Among the provisions in violation was a proposal to allow 529 savings accounts to be used for home-schooling expenses. Also under review was part of the criteria used to determine whether endowments of private universities are subject to the bill’s excise tax component.

The provisions found to be in violation of the Byrd Rule can be removed from the conference report absent 60 votes to waive the rules.

House Majority Whip Steve Scalise even anticipated the parliamentarian’s ruling in a memo to GOP lawmakers.

“Members are advised that we expect Senate Democrats to insist on a Byrd Point of Order on the Conference Report to Accompany H.R. 1, which is likely to be sustained,” Scalise’s office said. “As such, Members are further advised that an additional procedural vote on the Motion to Concur is expected tomorrow morning, which will clear the bill for President Trump’s signature.”

In other words, the GOP pushed forward a bill that did not meet the standards of the U.S. government.
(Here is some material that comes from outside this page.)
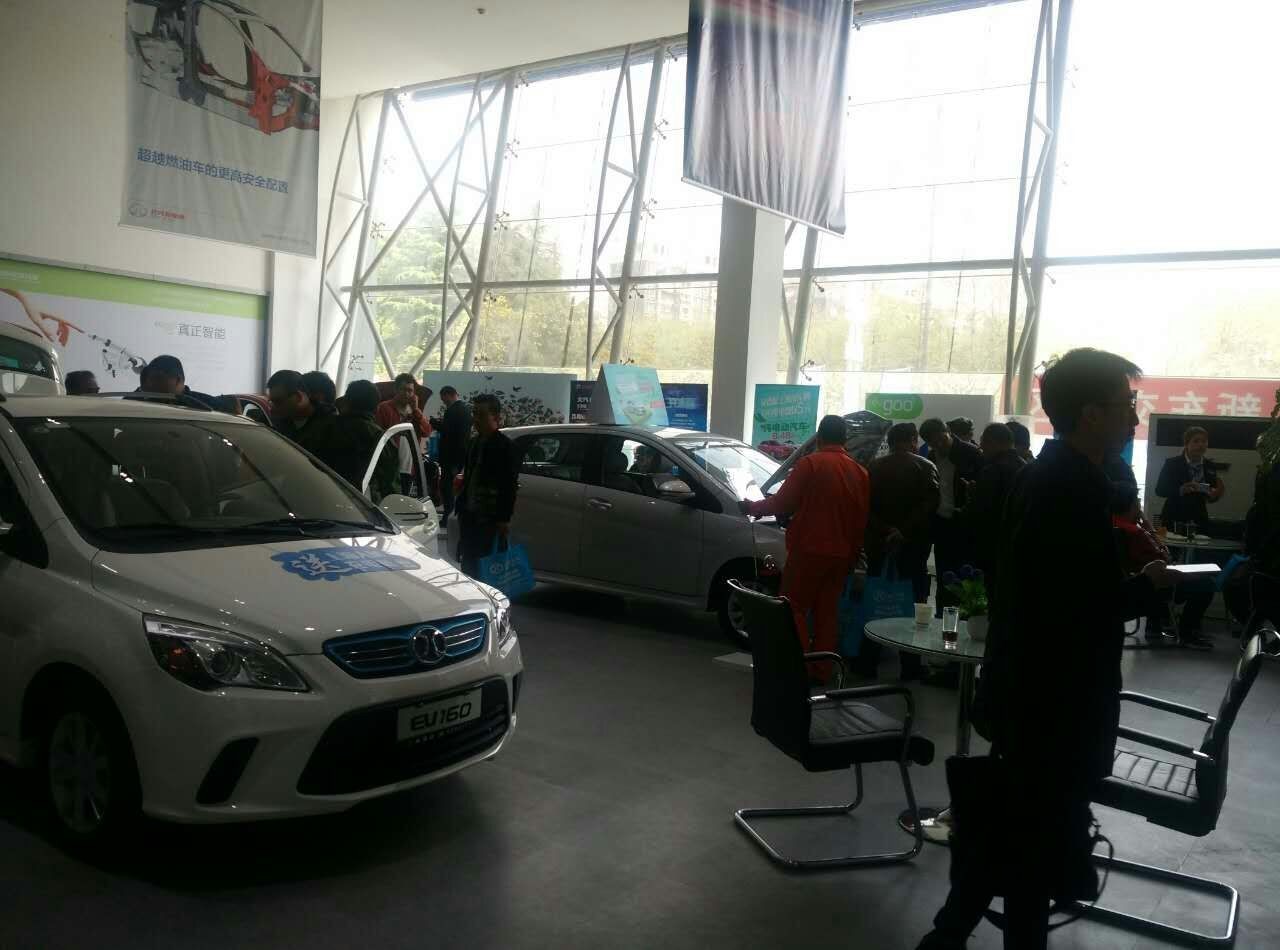 上海新政北汽新能源纯电动汽车销售火爆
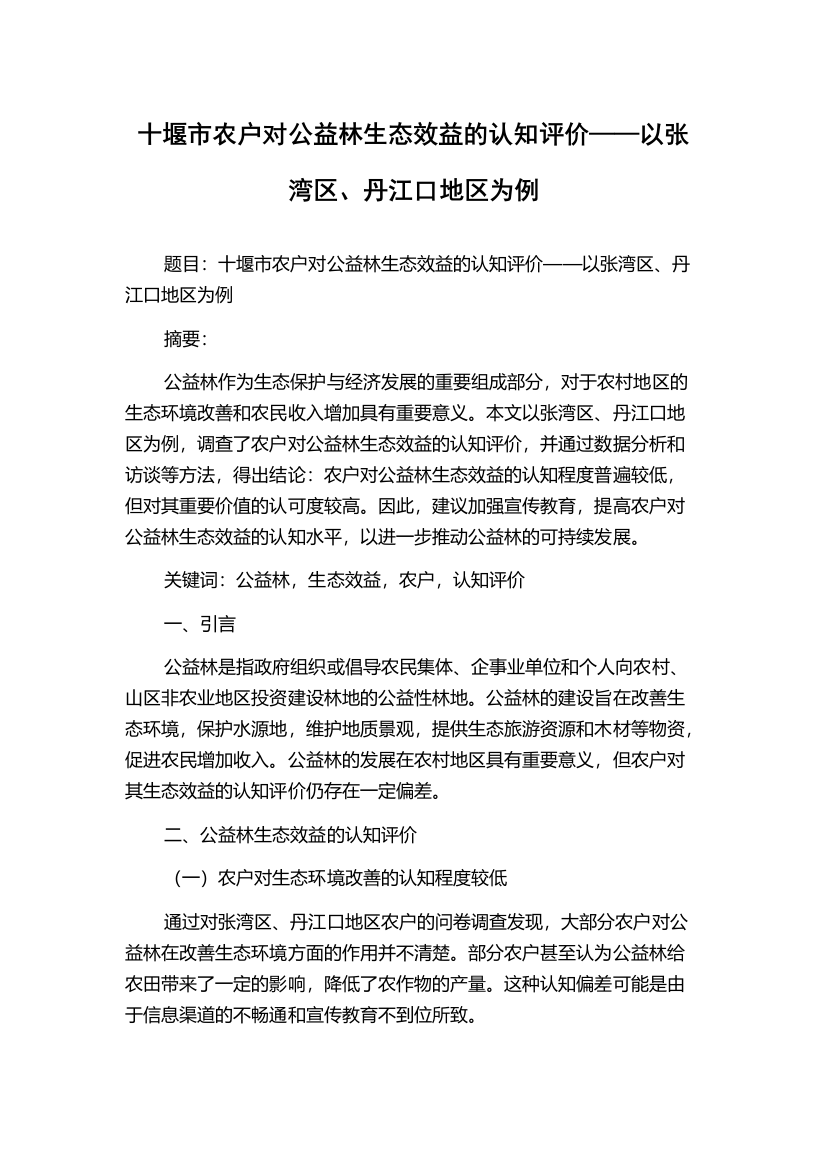 十堰市农户对公益林生态效益的认知评价——以张湾区、丹江口地区为例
Democratic Senators Bernie Sanders — the ranking Democrat on the Budget Committee — and Ron Wyden, who is the ranking member of the Finance Committee, issued a joint statement regarding the Parliamentarian’s decision:

“In the mad dash to provide tax breaks for their billionaire campaign contributors, our Republican colleagues forgot to comply with the rules of the Senate. We applaud the parliamentarian for determining that three provisions in this disastrous bill are in violation of the Byrd rule. It is our intention to raise a point of order to remove these provisions from the conference report and require the House to vote on this bill again. Instead of providing tax breaks to the wealthiest people and most profitable corporations, we need to rebuild the disappearing middle class.”

The House had initially passed their final tax plan earlier on Tuesday, and the Senate was slated to do the same Tuesday night. Now, the final vote is expected to take place on Wednesday.